Tuesday, 4 October 2011

Taxing Times

Over the last few years the public cry, largely driven by an uninformed press, has been for new higher levels of tax for companies and in particular for high earning individuals (in the UK at least). In theory this generates a lot more income to help the government reduce the deficit. It would also in theory bash the banker's bonus which seems to be to top priority for the mainstream media.

The problem with onerous tax levels is that it is anti business and talented / high earning employees will simply leave the country. They are a mobile workforce and typically work in financial jobs in London which could be replicated in other global financial sectors. I personally know several brokers and bankers who have already made the move - most seem to be heading to Zurich or Singapore. Interestingly they say one issue for the move is tax but another reason is the public sentiment over high earners at the moment. Even if their job was completely unrelated to the financial crisis they are still being branded with the same 'banker' label which is now considered a derogatory term. It's not only people that are moving - last year Wolseley, a large building company, took their HQ and £391m profit to Switzerland. The UK missed out on a £23m tax bill as a result.

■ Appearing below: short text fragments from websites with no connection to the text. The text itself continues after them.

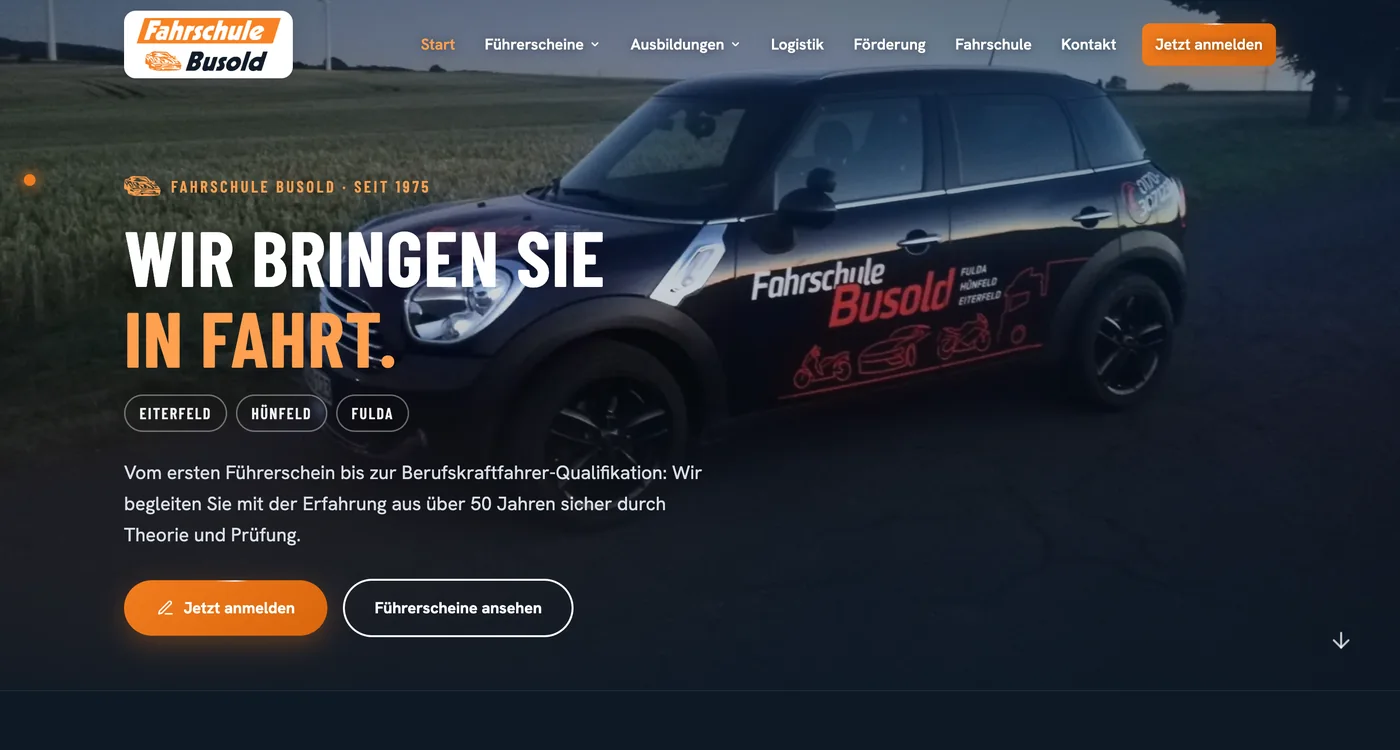 Neue Website der Fahrschule Busold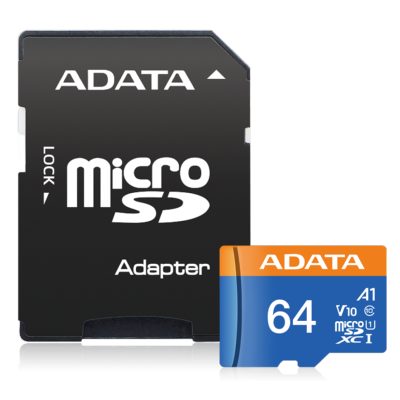 Карта памет ADATA 64GB SDXCM+A UHS-I CL10A1 с адаптер 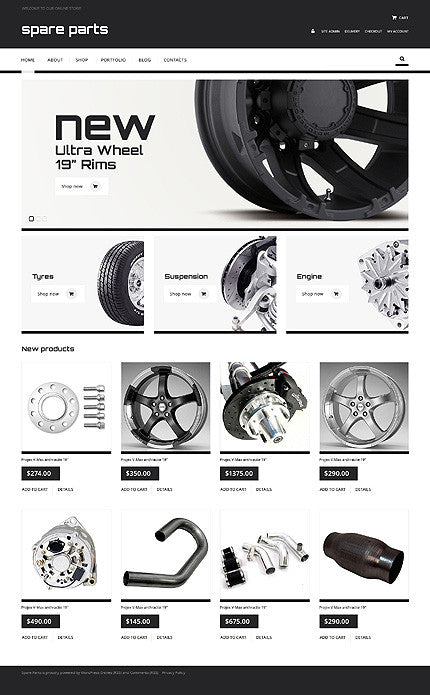 Spare Parts and Tyre WooCommerce Themes - GoWebBaby.Com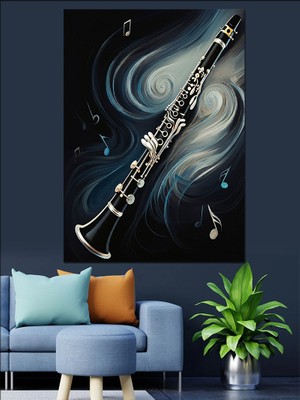 Müzikal Klarnet Dekoratif Kanvas - Mdf Ahşap Tablo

The UK needs to remain pro business and encourage high earners to excel. The top5% already pay 25% of the UK's income tax. High earners should definitely pay more tax but anything beyond the current level would be counterproductive and the 50p bracket should be reversed soon before too much damage is done. There also needs to be a sentiment change - companies are generally speaking efficient and wouldn't pay big bonuses unless the person receiving that bonus was worth considerably more. There tax bills are already larger than most people's paychecks so just think of what can be done with the tax they generate.